The critic David E. James has argued that Walden is struc­tured by absences, a judgment that could be applied to Mekas’s oeuvre. Scenes from the Life of Andy Warhol was finished three years after Warhol’s death but only refers to it obliquely, with organ music and the beginning of the funeral service on the sound track at film’s end. Mekas made a similar move with Zefiro Torna or Scenes from the Life of George Maciunas (Fluxus), his film about his deceased friend and fellow Lithuanian exile. The strategy in both films is to make us hold a life close to us while waiting for it to expire. The films become ways to keep his friends alive.

Himself, too: In his 2000 diary­ film As I Was Moving Ahead Occasionally I Saw Brief Glimpses of Beauty, the then-seventy-eight-year-old filmmaker describes sitting in his editing room on the eve of the millennium and thinking about all of his departed friends. He ends the film with a close-up of his face, as he plays the accordion on the sound track and sings, “I know nothing about life.… I do not know where I am, but I know that I have experienced some brief moments of happiness.” The screen fades to black.

*

Nobody dies in Mekas’s movies, at least not onscreen. Nobody changes, either; change seems to bother him much more than death does. In 2005 he told the magazine 3:AM that he only wanted to capture joy and celebration in his movies, preferring to leave violence and ugliness to others.

People don’t just grow up and die in life; they get into fights, they leave one another, they stop calling. Toward the end of As I Was Moving Ahead we see a brief shot of Mekas and his wife, Hollis, kissing—one of the few moments of romantic intimacy in his films—followed by a shot of the family, followed by the title card a film about people who never have any arguments and no fights and who love each other.

Mekas and Hollis had separated by the time of the film’s release. He says on the sound track that “people­ are bad and cinema is innocent, innocent. People are not innocent. They are not.”

*

Mekas’s most lasting contribution to ­cinemamay be Anthology Film Archives, the Second Avenue courthouse that he renovated into a repertory movie theater, and its greatest achievement may be the Essential Cinema collection, a group of 330 preserved films that the theater shows on a regular basis—some canonically Hollywood, some shimmeringly foreign, but most American avant-garde.

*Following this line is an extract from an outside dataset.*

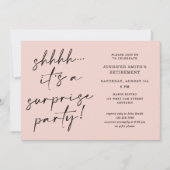 Modern Script Blush Pink Surprise Retirement Party Einladung (Vorderseite)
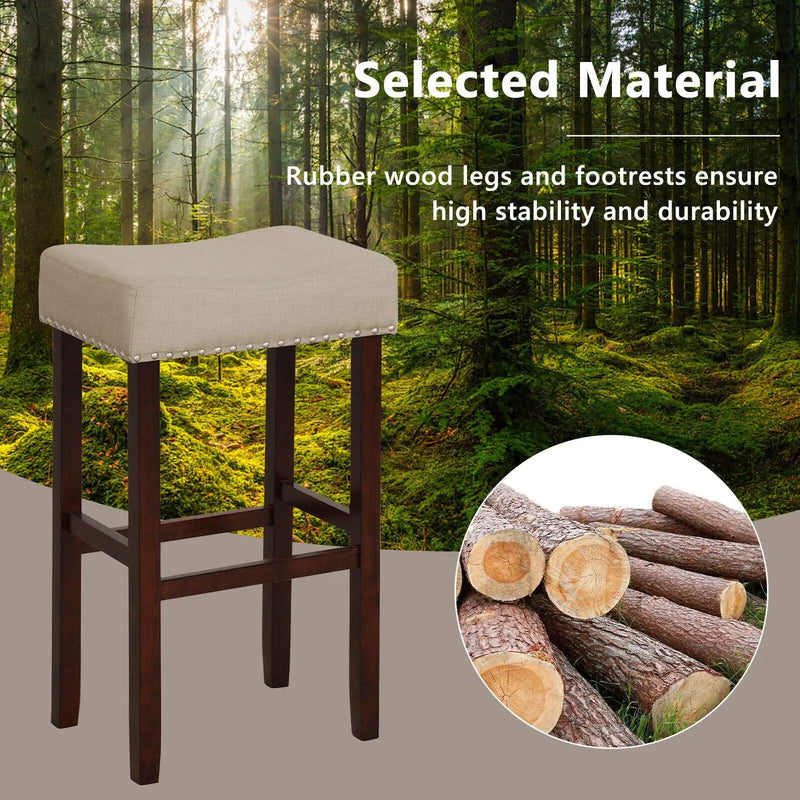 29 Inch Set of 2 Height Upholstered Bar Stool with Solid Rubber Wood Legs and Footrest-Gray by DirectDeals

With many Warhol and Brakhage films still unavailable on video or DVD, Anthology has become another way to preserve Mekas’s friends.

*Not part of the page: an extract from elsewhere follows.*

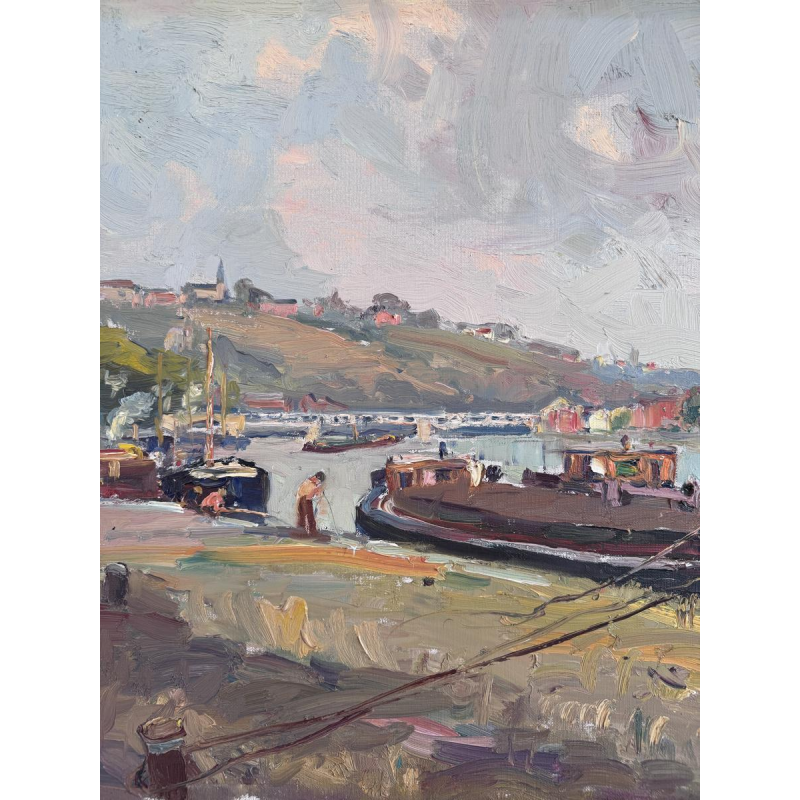 Renée PRINZ “Boatmen on the Meuse at Namur” oil painting on canvas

Mekas has also made Anthology a venue for new films, for new filmmakers, and for his own work—in February 2009 it premiered his latest work, Lithuania and the Collapse of the USSR. The nearly five-hour-long movie stars ­Boris Yeltsin and George H. W. Bush, but with a twist; as Mekas writes in Anthology’s most recent catalog, “This video is made up of footage that I took with my Sony from the television newscasts during the collapse of the USSR, with the home noises in the background.” He writes that it can also be seen as the story of “one small nation determined to regain its freedom.” 

*

Aside from his film Reminiscences of a Journey to Lithuania, Mekas rarely shows images of his native country. But innocence often means Lithuania for him; the ­country fills his life by its absence. It’s the lost paradise that he refers to in his films’ voice-overs.

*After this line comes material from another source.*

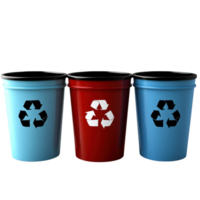 Colorful recycling bins arranged in a row with clear recycling symbols representing environmental efforts png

Mekas once told an audience that, although he filmed daily life, “I am not exactly filming New York as it is, or your New York. I am still filming my childhood.”

In Walden, Mekas finds a metaphor for paradise regained. He acknowledges the impossibility of reaching paradise through both overt and subtle ways—for ex­ample, his frequent cutting to Thoreau’s book, open on a table, but with the camera so close to the pages that we can’t read the words.

Two-thirds of the way through the film, though, a group of smiling young people in bright red costumes marches through Central Park on stilts, as if part of a carnival. Mekas says in voice-over:

And now, dear viewer, as you sit and watch, and as the life outside in the streets is still rushing… The images go. No tragedy, no drama, no suspense. Just images, for myself, and for a few others… These images, which I figure, as life will continue, won’t be here for very long.… This is Walden. This is Walden, what you see.